Many practice managers do anything to keep staff busy — lest doctors see them “doing nothing” and start to believe they’re overstaffed.
It’s admirable to want to get the most from the team, but obsessing about staff utilization to the point of burdening them with unnecessary tasks is a pitfall. Here’s an example: recently we worked with a practice that had very busy phones — it was a psychiatric practice, and more than 80% of the calls were about prescriptions, and needed to be handled by the prescriptions nurse. The practice had experimented with a phone tree that allowed these patients to connect directly to the prescription nurse — cutting down patient wait times substantially. But, once they did this, the front desk was somewhat less busy since they no longer needed to answer these calls and put them on hold while hunting down the prescriptions nurse (or taking a message for her).

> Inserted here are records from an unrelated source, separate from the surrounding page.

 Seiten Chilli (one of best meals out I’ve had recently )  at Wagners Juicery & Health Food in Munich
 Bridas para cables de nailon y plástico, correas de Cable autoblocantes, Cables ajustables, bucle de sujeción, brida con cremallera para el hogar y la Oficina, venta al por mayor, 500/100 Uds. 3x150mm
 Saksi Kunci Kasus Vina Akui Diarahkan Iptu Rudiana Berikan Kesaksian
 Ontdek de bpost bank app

The doctors at the practice were concerned about the perceived ‘down time’ — even though patients were being processed more attentively at the front desk, and with less waiting. So, they rationalized that the phone tree should be disabled, and that the front desk should answer all calls first, then forward them as needed. Once the receptionists began answering every phone call — often putting them on hold while dealing with the patient in front of them — they certainly seemed less ‘idle.’ But, patients in the office waited longer to be checked in, patients on the phone had to wait to be connected to the prescription nurse (or her voicemail), and the front desk environment was much more stressful.
Worst of all, this artificial burdening of front desk staff meant that all staff were now perceived to be fully “utilized” — i.e., no one was available for additional projects or important additions to their job content. On our visit to the practice, one of the first things we noticed was that the front desk was doing a poor job of collecting co-pays (routinely billing them instead of collecting them at check-in). Naturally, we urged the practice to work on this — to which the manager responded, we’ve tried, but the front desk is so busy, we can’t do it without more staff!

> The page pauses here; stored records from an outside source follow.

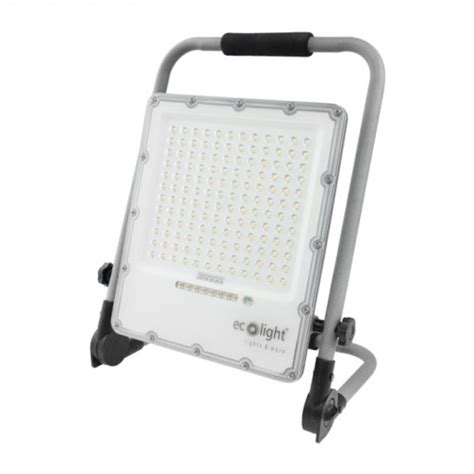 Ecolight Naświetlacz Roboczy LED z Akumulatorem 100W 5000K EC20497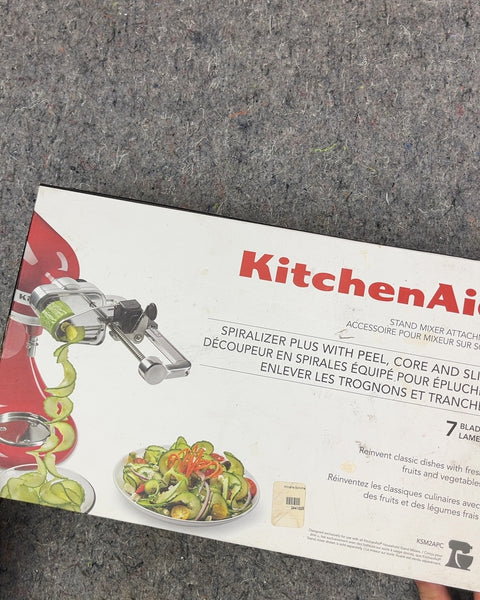 KitchenAid 7 Blade Spiralizer Plus with Peel, Core & Slice For Stand Mixer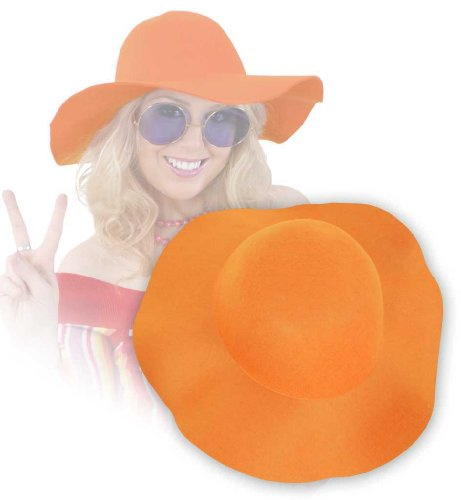 NEU Hut Wollfilz Schlapphut, 1 Stk. orange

If the practice hadn’t been so obsessive about avoiding even the smallest bit of staff downtime, more capacity would have been easily available for the (much more important) task of properly collecting at the front desk. And the same thing holds true for other needs that come along in the life of a practice — whether that’s the ability to take a little extra time on the learning curve for a new EHR or PMS, to consider ways to improve patient intake forms, to educate patients about a new portal or reassure them about a referral to a specialist. A little bit of downtime needn’t be considered wasteful — it could instead be thought of as a small reserve of resources your practice can use to take advantage of future opportunities to grow and operate better.